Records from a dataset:

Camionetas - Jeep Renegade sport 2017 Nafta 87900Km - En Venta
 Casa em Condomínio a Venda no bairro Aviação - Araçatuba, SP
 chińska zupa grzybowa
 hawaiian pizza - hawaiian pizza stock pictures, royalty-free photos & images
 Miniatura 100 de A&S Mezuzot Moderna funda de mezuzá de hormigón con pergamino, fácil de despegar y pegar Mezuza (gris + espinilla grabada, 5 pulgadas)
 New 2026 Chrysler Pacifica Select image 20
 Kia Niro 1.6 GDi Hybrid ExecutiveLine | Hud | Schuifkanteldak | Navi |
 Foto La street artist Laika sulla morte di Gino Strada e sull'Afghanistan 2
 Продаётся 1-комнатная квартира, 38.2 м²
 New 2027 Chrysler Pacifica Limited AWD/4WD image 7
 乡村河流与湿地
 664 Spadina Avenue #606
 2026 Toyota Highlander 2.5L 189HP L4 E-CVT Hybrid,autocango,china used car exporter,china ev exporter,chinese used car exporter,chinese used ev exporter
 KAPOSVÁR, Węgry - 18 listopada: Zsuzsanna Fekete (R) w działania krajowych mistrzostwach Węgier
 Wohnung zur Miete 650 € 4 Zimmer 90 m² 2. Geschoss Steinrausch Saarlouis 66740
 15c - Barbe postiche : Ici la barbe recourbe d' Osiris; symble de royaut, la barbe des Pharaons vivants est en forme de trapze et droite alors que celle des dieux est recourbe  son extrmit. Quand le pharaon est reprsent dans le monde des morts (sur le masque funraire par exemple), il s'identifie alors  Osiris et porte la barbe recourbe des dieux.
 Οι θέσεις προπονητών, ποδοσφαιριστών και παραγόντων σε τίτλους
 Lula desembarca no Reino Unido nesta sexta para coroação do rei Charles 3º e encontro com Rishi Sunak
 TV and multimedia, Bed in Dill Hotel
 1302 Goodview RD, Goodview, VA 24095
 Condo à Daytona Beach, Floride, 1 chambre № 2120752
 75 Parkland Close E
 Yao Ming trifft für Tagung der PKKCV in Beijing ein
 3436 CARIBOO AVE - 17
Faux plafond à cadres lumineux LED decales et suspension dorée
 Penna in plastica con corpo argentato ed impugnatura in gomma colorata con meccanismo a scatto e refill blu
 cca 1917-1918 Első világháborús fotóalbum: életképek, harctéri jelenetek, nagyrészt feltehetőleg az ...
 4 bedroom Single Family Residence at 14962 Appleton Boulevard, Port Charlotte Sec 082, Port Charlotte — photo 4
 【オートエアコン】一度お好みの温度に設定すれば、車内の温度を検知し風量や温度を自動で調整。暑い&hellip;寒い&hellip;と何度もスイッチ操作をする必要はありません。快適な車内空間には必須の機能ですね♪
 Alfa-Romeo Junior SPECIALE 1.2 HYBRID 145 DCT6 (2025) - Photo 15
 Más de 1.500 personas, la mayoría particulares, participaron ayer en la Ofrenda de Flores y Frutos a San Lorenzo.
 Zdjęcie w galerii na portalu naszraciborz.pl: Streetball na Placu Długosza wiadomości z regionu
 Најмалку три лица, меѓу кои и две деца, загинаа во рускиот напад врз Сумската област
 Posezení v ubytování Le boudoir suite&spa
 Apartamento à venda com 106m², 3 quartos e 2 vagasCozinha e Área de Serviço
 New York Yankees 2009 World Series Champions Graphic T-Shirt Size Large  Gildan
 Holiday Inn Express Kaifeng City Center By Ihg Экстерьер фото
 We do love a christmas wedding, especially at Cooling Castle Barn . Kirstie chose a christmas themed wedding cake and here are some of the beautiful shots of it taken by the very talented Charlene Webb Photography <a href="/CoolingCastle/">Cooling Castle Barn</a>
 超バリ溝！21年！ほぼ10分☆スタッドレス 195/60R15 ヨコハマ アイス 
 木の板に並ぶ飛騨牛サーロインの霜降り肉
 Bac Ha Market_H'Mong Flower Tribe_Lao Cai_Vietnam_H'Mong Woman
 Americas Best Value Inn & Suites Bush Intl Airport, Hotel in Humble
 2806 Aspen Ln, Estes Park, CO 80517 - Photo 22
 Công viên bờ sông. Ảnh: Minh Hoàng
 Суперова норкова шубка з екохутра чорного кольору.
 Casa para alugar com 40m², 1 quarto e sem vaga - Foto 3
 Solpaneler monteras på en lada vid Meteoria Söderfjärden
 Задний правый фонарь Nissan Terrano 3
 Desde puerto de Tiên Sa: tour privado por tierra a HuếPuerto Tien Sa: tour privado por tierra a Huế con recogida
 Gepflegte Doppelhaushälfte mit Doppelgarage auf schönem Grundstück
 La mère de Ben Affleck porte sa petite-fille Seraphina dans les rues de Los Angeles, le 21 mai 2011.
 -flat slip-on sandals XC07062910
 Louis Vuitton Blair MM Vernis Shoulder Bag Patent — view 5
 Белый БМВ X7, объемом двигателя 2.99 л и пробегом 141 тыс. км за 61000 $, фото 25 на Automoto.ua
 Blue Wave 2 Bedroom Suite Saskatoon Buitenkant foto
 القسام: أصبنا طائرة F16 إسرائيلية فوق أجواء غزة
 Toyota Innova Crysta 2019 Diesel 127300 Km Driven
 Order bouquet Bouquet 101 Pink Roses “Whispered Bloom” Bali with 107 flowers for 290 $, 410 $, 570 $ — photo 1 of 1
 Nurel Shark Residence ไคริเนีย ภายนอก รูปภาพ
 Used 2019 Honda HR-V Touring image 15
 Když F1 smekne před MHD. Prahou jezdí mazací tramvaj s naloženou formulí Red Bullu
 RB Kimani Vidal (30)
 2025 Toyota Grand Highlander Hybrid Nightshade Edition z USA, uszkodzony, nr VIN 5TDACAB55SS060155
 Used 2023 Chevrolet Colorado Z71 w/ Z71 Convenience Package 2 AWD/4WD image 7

- [Task requirements] Starting at the line that contains "Faux plafond à" and stopping after the line that contains "Bac Ha Market_H'Mong", write out every line exactly as it appears above, and no other line.

- [Written response]
Faux plafond à cadres lumineux LED decales et suspension dorée
 Penna in plastica con corpo argentato ed impugnatura in gomma colorata con meccanismo a scatto e refill blu
 cca 1917-1918 Első világháborús fotóalbum: életképek, harctéri jelenetek, nagyrészt feltehetőleg az ...
 4 bedroom Single Family Residence at 14962 Appleton Boulevard, Port Charlotte Sec 082, Port Charlotte — photo 4
 【オートエアコン】一度お好みの温度に設定すれば、車内の温度を検知し風量や温度を自動で調整。暑い&hellip;寒い&hellip;と何度もスイッチ操作をする必要はありません。快適な車内空間には必須の機能ですね♪
 Alfa-Romeo Junior SPECIALE 1.2 HYBRID 145 DCT6 (2025) - Photo 15
 Más de 1.500 personas, la mayoría particulares, participaron ayer en la Ofrenda de Flores y Frutos a San Lorenzo.
 Zdjęcie w galerii na portalu naszraciborz.pl: Streetball na Placu Długosza wiadomości z regionu
 Најмалку три лица, меѓу кои и две деца, загинаа во рускиот напад врз Сумската област
 Posezení v ubytování Le boudoir suite&spa
 Apartamento à venda com 106m², 3 quartos e 2 vagasCozinha e Área de Serviço
 New York Yankees 2009 World Series Champions Graphic T-Shirt Size Large  Gildan
 Holiday Inn Express Kaifeng City Center By Ihg Экстерьер фото
 We do love a christmas wedding, especially at Cooling Castle Barn . Kirstie chose a christmas themed wedding cake and here are some of the beautiful shots of it taken by the very talented Charlene Webb Photography <a href="/CoolingCastle/">Cooling Castle Barn</a>
 超バリ溝！21年！ほぼ10分☆スタッドレス 195/60R15 ヨコハマ アイス 
 木の板に並ぶ飛騨牛サーロインの霜降り肉
 Bac Ha Market_H'Mong Flower Tribe_Lao Cai_Vietnam_H'Mong Woman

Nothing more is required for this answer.